Ecopipam Significantly Reduces Risk of Relapse in Pediatric, Overall Populations With Tourette Syndrome

New data presented at the American Academy of Neurology 2026 Annual Meeting emphasize the potential of ecopipam (Emalex Biosciences), a novel therapeutic approach for Tourette syndrome (TS). During a presentation hosted by Kinga Tomczak, MD, PhD, a pediatric neurologist at Boston Children's Hospital, findings from a phase 3 clinical trial evaluating ecopipam demonstrated significant reductions in relapse risk and durable treatment effects across pediatric and overall populations.¹

For TS, treatment options include behavioral therapy and pharmacotherapy, such as α-2 adrenergic agonists and D2 receptor (D2R) modulators (eg, antipsychotics); however, current pharmacologic approaches are often limited by adverse effects (AEs). Although α-2 adrenergic agonists are commonly associated with fatigue and hypotension, D2R modulators can lead to weight gain and drug-induced movement disorders, Tomczak explained. As a result of these tolerability concerns, discontinuation rates for existing therapies remain high.¹

Ecopipam is a first-in-class selective D1 receptor (D1R) antagonist in development for TS. In clinical studies that enrolled children and adolescents, ecopipam demonstrated meaningful improvements in tic severity as measured by the Yale Global Tic Severity Scale–Total Tic Score (YGTSS-TTS). A phase 2b randomized controlled trial showed that ecopipam resulted in a mean improvement of 30% at week 12 compared with placebo (P = .01), whereas an open-label extension study reported a mean improvement of approximately 40.3% at month 12 (P < .0001 vs baseline). The most common AEs among patients treated with ecopipam during the phase 2b trial included headache (15.8%), insomnia (13.1%), fatigue (7.9%), somnolence (7.9%), anxiety (5.3%), nausea (5.3%), and restlessness (5.3%).¹

Tomczak explained that the objective was to evaluate the durability of efficacy, as well as the safety and tolerability of ecopipam, through a 24-week treatment duration in children, adolescents, and adults with TS. The trial was a phase 3 double-blind, placebo-controlled withdrawal that had a 28-day screening period, a 12-week open-label period, a 12-week double-blind period, and a safety follow-up period lasting 30 days. Ecopipam was titrated based on weight.¹

“The goal weight was 1.8 mg/kg/d, and the responders were considered those who had over 25 [percent] or more improvement in tic severity, both at week 8 and week 12. So, for a whole month, they had to maintain the improvement,” Tomczak explained during the presentation. “[Those who maintained improvement] were [randomly assigned] to ecopipam arm or placebo, and those on placebo were tapered by 22.4 mg/d…and relapse was considered if they were losing this improvement.”¹

The primary end point of the trial was time to relapse in the pediatric population, specifically among participants aged 6 to 17 years. Relapse was defined as a 50% or greater loss of the improvement in the YGTSS-TTS observed from baseline to week 12, the initiation of additional treatment for TS, or hospitalization as a result of worsening symptoms.
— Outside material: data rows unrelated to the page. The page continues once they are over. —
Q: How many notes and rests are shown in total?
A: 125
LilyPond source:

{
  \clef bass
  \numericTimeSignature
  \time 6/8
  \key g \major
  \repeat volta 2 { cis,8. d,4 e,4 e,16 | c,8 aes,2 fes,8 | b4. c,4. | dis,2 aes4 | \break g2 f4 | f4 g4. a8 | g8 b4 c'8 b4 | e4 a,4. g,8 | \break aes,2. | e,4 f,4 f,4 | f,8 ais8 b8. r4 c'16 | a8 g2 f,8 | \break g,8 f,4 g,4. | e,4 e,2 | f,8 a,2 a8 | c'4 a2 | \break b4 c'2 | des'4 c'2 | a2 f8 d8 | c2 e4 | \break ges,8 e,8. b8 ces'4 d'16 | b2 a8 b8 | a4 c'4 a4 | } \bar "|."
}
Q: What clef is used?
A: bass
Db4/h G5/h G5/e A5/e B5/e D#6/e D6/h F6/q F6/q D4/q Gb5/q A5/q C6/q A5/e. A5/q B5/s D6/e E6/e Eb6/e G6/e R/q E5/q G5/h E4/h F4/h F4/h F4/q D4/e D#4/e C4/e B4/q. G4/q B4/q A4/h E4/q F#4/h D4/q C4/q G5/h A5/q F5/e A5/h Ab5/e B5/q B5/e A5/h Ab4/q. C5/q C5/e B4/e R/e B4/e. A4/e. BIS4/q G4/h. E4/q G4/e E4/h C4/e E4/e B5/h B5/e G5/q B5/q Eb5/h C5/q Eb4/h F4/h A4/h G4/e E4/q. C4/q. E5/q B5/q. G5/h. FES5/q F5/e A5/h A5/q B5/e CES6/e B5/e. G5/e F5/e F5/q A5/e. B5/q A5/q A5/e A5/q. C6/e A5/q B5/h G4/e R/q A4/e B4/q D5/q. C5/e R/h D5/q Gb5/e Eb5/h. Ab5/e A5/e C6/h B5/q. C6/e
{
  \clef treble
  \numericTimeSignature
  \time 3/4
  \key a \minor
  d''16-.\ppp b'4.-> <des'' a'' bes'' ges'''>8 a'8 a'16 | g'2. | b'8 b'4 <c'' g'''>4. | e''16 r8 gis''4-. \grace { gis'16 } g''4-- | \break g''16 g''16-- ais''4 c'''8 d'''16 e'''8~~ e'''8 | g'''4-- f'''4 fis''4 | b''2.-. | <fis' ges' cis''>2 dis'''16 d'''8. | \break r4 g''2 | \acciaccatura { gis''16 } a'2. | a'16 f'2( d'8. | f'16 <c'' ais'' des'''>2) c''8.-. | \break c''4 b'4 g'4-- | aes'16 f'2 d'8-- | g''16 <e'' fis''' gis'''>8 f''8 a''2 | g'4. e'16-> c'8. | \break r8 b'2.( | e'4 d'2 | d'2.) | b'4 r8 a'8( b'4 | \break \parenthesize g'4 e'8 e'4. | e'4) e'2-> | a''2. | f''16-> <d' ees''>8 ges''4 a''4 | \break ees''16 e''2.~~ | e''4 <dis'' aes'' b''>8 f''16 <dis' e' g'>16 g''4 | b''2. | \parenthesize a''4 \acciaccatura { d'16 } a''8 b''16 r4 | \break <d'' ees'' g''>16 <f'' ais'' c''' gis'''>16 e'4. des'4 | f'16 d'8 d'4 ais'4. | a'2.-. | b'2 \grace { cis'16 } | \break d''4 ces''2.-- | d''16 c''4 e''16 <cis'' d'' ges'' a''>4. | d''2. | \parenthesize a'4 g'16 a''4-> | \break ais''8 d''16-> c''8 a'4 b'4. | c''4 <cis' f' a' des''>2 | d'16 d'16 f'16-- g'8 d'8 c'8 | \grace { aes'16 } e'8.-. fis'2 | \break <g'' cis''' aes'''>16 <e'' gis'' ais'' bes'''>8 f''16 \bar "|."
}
Ecopipam was shown to significantly reduce risk of relapse, showing an approximate 50% lower risk compared with placebo during the 12-week double-blind withdrawal period. These findings were statistically significant, with an HR of about 0.5 (95% CI, 0.3-0.8) and a P value of .0084.

Additionally, Tomczak emphasized the durability of the effect. Although the placebo group reached an approximate 50% relapse rate nearly 5 weeks following randomization, the ecopipam group did not reach a 50% relapse rate at any point during the 12-week period.¹

The secondary end point was also time to relapse, but this included both pediatric and adult participants. Like the primary end point, ecopipam demonstrated an approximate 50% reduced risk of relapse compared with the placebo group during the 12-week double-blind period. This was also considered statistically significant, Tomczak noted, with an HR of about 0.5 (95% CI, 0.3-0.8) and a P value of .0050.

Further, the ecopipam group maintained the treatment benefit significantly better than the placebo group throughout the 12-week withdrawal period. Although the analysis included adults, only 14 adult participants were enrolled in the study; however, despite the small sample size, the reduction in relapse risk observed in the adult subgroup was reported to be very similar and statistically significant.¹

Tomczak acknowledged that there were some AEs, but they were considered mild and similar to those observed in prior research (eg, somnolence, headaches, insomnia). In the phase 3 withdrawal trial, there were 2 potential serious AEs, and other AEs of special interest included anxiety- and depression-related AEs, of which 9.7% and 6.5% of patients, respectively, were affected in the open-label period. Additionally, 2.3% of patients were reported to have potential suicidal ideation. Notably, there were no drug-induced AEs related to movement, and no weight gain among participants.¹

“This study shows statistically significant response in both pediatric and overall populations treated with ecopipam, and it demonstrated a 50% reduced risk of relapse vs placebo during the 12-week withdrawal period and supports the maintenance and durability of treatment effect, which was very encouraging,” Tomczak concluded. “There were no clinically relevant metabolic [AEs] that were measured at all [during] these visits, and no weight gain, which is really what we were looking for.”¹

REFERENCES

1. Tomczak K. PL5 – Clinical trials plenary session: efficacy and safety of ecopipam for Tourette syndrome: results from a phase 3, double-blind, placebo-controlled, randomized withdrawal trial. Presented at: American Academy of Neurology 2026 Annual Meeting; April 18-22; Chicago, IL.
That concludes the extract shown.